Elke editie kiest een panel van poëziekenners de meest interessante bundel van het seizoen. Awater-abonnees krijgen deze Clubkeuzebundel automatisch thuisgestuurd. Hieronder vindt u een overzicht.
  • 2013-1

    2013-1

    Radiowaterval

    Dit najaar was onder het grote aantal sterke inzendingen voor de Clubkeuze Radio waterval van Leo Hermens (1961) de grote verrassing. Op de wonderlijke golflengte van deze bundel spuwt de radio onafgebroken zijn programma's uit: praatjes, popsongs, klassieke muziek, nieuws en reclame. De lezer wordt overspoeld met binnenwereld en buitenwereld, met fenomenen en fantomen, kortom, het ononderbroken kolken binnen en buiten ons lichaam.

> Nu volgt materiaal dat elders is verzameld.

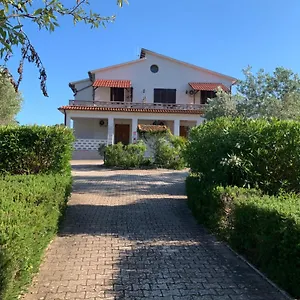 Conti 4*, Lacona Italia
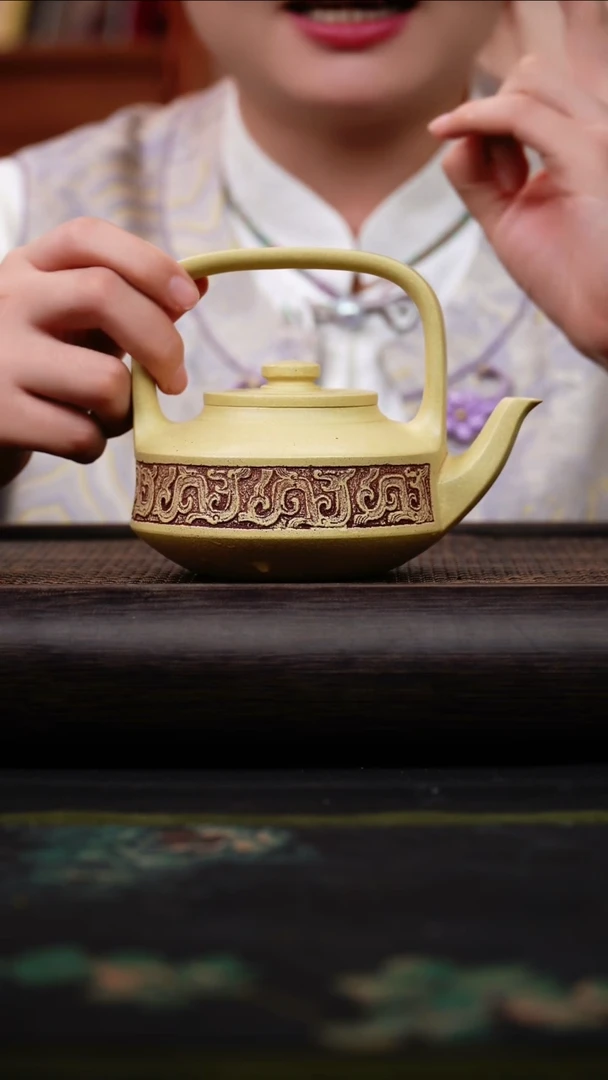 茶壶紫砂本绿 提壁提梁 八刀刻绘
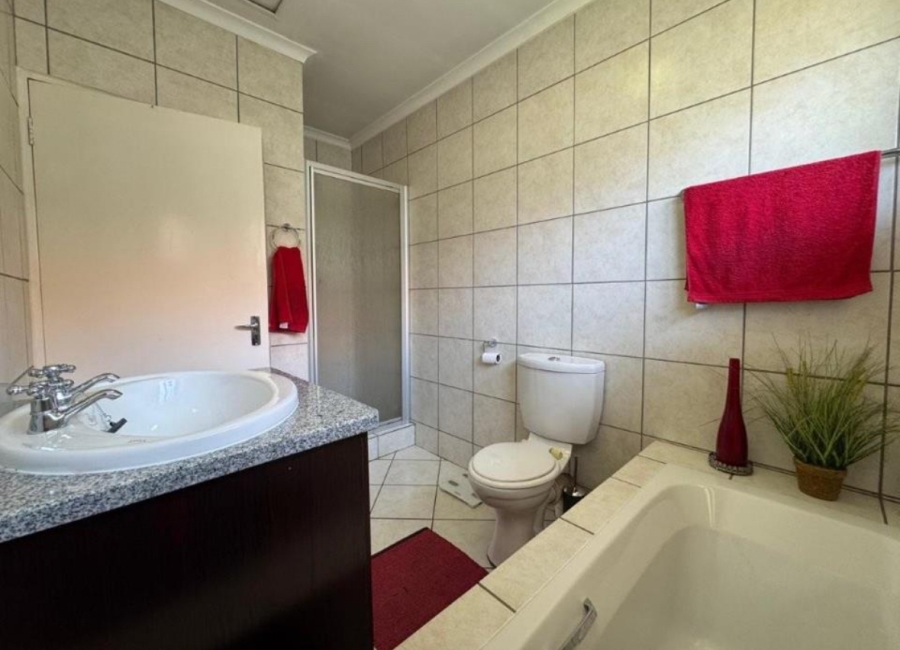 2 Bedroom Property for Sale in Meyersdal Gauteng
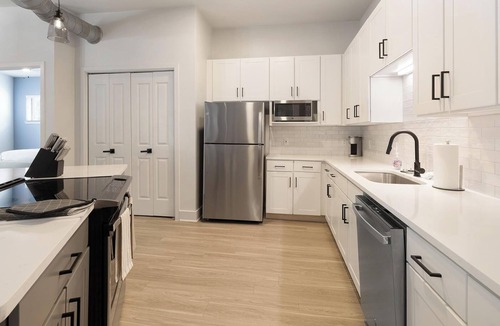 Dallas Design District Apartment | Landing | Stylish 2BD, Clubhouse, Gym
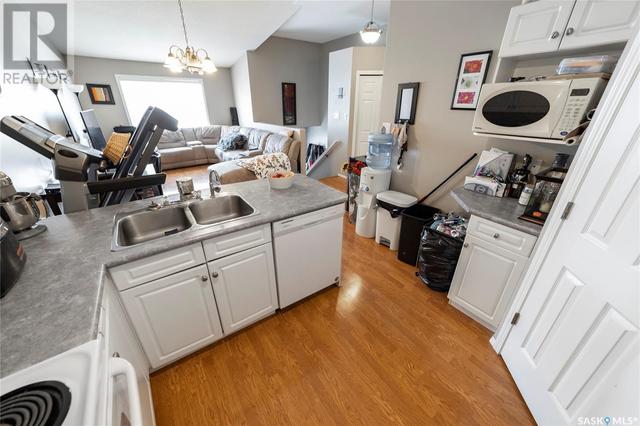 4764 Marigold Drive, House attached with 2 bedrooms, 2 bathrooms and null parking in Regina SK | Image 10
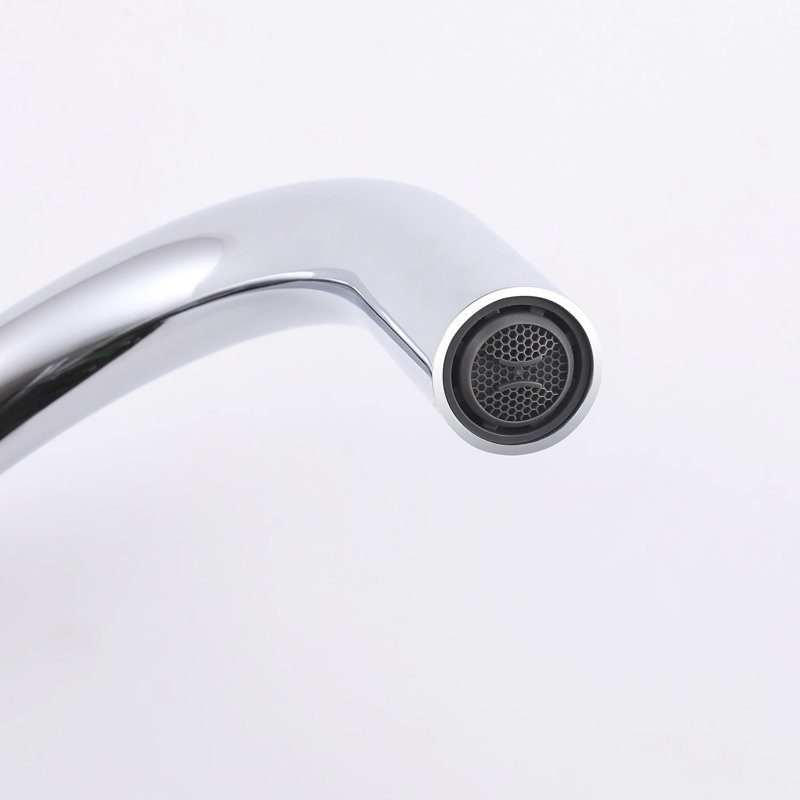 Robinet thermostatique extérieur sur pied avec douchette à main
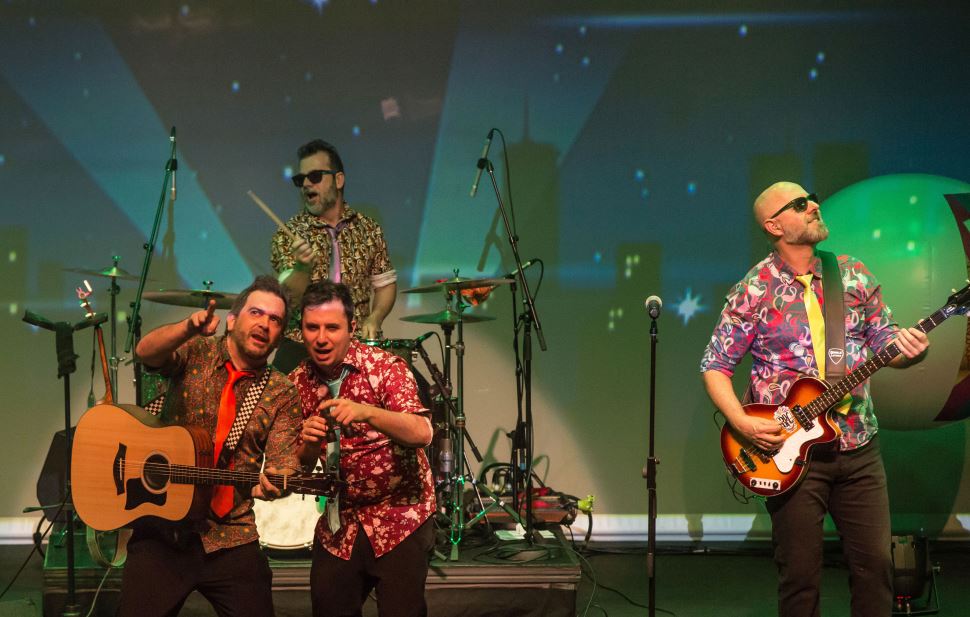 BEATLES PARA CRIANÇAS FAZ APRESENTAÇÃO NO SESI SÃO JOSÉ DOS CAMPOS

We kunnen proberen ons tegen de vloedgolf te verzetten – we kunnen de radio uitzetten, het boek dichtslaan – maar we kunnen ons er ook in onderdompelen. Dan kom je bij de grote woorden als ‘overgave’ uit. Voor zulke overgave moet je de dichter kunnen vertrouwen. En gelukkig kan dat. Hermens schreef een schaamteloos glitterige bundel, die begint met het dopen van de boot die kennelijk naar de waterval gaat varen.


    Denk champagne onder de boeg.
    Zet zwier in tot het schuimt
    tot het water naar olie kleurt
    tussen de plezierboten in de jachthaven. Denk vooral regenbogen.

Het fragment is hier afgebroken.